Cameron Mingo did everything he could.
The Eden Prairie senior pitcher threw a three-hit shutout in the Class 3A quarterfinals, beating Hopkins 4-0.
But Mingo is a pitcher only, and he watched from the bench as his teammates fell behind early in their semifinal matchup against Bemidji. The Eagles rallied to tie the score and send it to extra inning but eventually lost to the Lumberjacks, ending their season.
"I think I'm a pretty strong competitor, so it's hard to sit and watch your team lose," Mingo said. "It's definitely tougher sitting on the bench and not being able to help out."
Mingo talked with staff writer Jim Paulsen about the recently completed high school season and his future in the Ivy League, pitching for Princeton.
Q You had things going your way against Hopkins in the quarterfinals.
A It went really well. I felt really good on the mound. I was comfortable with my fastball, I got ahead with my curve a lot and my cutter was working well. I got a lot of ground balls and my defense played great.
Q You'd pitched against Hopkins before. Was that an advantage for you or for them?
A Probably a little more for them. But when I saw them before, it was early and I didn't have my best stuff. I was very different this time.
Q It's always tough to lose in the state tournament, but how do you feel about the season as a whole?
A Overall, it was a really good year. We only had one position player back from last year and two pitchers with much experience, so I don't think anybody expected that much out of us.
Q You pitched for a team that won the American Legion World Series last summer. What was that like?
A That was so cool. We felt going into last summer that no team in the state had the depth or overall talent we had. Next year, there will be eight players on that team who are playing Division-I college ball. It was the type of team where, when I went out to pitch, I knew that anything hit near anyone was going to be an out.
Q Whether it's American Legion or high school ball, Eden Prairie is always good. Why?
A I think it all starts with Coach [Mike] Halloran. He's done such a good job connecting with the youth leagues. You get familiar with how they do things. By the time you get there, you're very familiar with the style of ball they play.
Q Next up for you is Princeton. That's a pretty historic place. Albert Einstein taught there. Are you amazed that you'll be there in a few months?
A I wouldn't say I'm intimidated, but I'm excited by the opportunity. In recruiting, I was focused on academics first and Princeton was just the right size and right setting.
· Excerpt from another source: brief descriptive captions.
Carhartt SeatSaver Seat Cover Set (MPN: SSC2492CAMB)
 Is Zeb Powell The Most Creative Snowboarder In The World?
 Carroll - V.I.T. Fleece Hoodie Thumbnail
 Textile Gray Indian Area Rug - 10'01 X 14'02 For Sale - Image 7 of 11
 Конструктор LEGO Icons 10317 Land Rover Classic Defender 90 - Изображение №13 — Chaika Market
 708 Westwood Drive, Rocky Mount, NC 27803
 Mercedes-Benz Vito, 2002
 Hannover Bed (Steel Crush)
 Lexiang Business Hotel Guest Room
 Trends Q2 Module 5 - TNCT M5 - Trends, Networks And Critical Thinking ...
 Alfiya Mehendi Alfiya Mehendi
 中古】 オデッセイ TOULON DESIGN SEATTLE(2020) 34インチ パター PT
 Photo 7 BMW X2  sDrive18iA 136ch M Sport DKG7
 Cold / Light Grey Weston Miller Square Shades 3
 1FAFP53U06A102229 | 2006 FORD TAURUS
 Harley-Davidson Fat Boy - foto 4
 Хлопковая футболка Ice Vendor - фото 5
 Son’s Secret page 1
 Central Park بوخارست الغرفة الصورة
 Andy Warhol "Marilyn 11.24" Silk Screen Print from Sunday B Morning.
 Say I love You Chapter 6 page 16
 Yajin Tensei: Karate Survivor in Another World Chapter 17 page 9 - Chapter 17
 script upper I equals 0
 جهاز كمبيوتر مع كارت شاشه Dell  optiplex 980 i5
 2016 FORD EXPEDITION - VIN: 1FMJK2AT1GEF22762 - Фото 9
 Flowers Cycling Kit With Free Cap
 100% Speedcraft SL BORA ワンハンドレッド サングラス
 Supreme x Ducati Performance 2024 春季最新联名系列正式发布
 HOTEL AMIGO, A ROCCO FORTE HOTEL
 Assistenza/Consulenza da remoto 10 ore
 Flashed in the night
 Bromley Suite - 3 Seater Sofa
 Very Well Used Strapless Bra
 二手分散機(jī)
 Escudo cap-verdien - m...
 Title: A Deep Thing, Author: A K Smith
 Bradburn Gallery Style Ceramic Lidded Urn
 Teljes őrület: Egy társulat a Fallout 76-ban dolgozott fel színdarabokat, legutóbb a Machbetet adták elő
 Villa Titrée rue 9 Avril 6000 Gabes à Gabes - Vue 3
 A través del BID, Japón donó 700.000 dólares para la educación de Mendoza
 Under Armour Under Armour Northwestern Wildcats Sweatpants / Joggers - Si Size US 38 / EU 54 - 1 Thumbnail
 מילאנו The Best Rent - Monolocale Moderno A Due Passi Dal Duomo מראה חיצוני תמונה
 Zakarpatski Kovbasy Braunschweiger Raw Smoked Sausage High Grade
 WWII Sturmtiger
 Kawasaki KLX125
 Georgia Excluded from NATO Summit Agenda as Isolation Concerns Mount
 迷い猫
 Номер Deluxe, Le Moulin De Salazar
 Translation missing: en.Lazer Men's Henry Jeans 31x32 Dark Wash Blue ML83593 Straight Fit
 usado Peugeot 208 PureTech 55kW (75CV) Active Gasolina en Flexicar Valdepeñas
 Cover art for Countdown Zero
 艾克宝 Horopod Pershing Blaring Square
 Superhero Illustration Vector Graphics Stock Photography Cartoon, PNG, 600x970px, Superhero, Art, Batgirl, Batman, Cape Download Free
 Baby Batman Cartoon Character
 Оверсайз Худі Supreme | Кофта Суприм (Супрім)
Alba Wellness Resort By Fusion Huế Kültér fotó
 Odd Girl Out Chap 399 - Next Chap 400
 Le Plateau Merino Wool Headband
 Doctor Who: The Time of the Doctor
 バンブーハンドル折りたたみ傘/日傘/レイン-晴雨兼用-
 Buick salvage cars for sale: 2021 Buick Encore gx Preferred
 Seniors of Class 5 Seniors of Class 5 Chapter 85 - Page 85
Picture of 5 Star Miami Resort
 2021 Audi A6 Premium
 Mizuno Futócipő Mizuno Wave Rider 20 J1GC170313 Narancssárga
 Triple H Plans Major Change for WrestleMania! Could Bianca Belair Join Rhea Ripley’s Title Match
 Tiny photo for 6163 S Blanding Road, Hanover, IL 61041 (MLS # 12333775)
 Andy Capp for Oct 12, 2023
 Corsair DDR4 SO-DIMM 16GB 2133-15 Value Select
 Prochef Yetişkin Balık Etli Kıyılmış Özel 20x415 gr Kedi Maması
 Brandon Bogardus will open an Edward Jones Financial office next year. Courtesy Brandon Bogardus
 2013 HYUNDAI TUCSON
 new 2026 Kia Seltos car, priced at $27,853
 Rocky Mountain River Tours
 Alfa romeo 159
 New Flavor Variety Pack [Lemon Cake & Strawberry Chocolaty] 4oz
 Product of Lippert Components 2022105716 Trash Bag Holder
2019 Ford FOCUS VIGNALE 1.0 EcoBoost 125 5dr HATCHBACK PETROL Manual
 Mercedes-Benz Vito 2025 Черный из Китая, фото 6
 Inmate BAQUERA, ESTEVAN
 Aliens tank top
And, of course, the academics are great.
Q You will be playing baseball too, right?
A I'll definitely be pitching there. They lost one of their top pitchers from last year, so I'm hoping to pick up some of those innings.
Q Got a major picked out?
A I'm planning on majoring in economics with a concentration on finance or poli sci.
Q Planning on a career in public service, perhaps? Will there be a Governor or Senator Mingo in the future?
A [Laughs] I'm not sure. Maybe somewhere down the road, but not right away.